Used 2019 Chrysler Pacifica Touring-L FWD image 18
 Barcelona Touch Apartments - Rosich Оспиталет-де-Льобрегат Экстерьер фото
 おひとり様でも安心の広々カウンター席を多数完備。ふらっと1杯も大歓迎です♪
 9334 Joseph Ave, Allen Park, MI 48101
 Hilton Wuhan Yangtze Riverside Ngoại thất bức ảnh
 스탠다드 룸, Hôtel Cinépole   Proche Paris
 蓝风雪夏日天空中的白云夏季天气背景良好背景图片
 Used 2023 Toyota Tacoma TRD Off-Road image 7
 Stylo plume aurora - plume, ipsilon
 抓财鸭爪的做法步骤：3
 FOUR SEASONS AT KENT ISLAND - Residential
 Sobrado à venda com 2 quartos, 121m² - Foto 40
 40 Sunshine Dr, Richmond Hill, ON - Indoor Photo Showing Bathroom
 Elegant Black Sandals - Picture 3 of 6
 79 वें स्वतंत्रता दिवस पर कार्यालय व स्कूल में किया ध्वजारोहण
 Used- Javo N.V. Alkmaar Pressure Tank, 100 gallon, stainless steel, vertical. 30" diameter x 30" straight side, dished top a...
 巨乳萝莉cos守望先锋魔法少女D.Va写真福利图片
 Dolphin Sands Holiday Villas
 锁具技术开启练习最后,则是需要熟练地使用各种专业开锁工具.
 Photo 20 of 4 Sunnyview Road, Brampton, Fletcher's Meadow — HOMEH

- - - - - - -

Activity: All records are to be written out exactly.

Result for this task:
Used 2019 Chrysler Pacifica Touring-L FWD image 18
 Barcelona Touch Apartments - Rosich Оспиталет-де-Льобрегат Экстерьер фото
 おひとり様でも安心の広々カウンター席を多数完備。ふらっと1杯も大歓迎です♪
 9334 Joseph Ave, Allen Park, MI 48101
 Hilton Wuhan Yangtze Riverside Ngoại thất bức ảnh
 스탠다드 룸, Hôtel Cinépole   Proche Paris
 蓝风雪夏日天空中的白云夏季天气背景良好背景图片
 Used 2023 Toyota Tacoma TRD Off-Road image 7
 Stylo plume aurora - plume, ipsilon
 抓财鸭爪的做法步骤：3
 FOUR SEASONS AT KENT ISLAND - Residential
 Sobrado à venda com 2 quartos, 121m² - Foto 40
 40 Sunshine Dr, Richmond Hill, ON - Indoor Photo Showing Bathroom
 Elegant Black Sandals - Picture 3 of 6
 79 वें स्वतंत्रता दिवस पर कार्यालय व स्कूल में किया ध्वजारोहण
 Used- Javo N.V. Alkmaar Pressure Tank, 100 gallon, stainless steel, vertical. 30" diameter x 30" straight side, dished top a...
 巨乳萝莉cos守望先锋魔法少女D.Va写真福利图片
 Dolphin Sands Holiday Villas
 锁具技术开启练习最后,则是需要熟练地使用各种专业开锁工具.
 Photo 20 of 4 Sunnyview Road, Brampton, Fletcher's Meadow — HOMEH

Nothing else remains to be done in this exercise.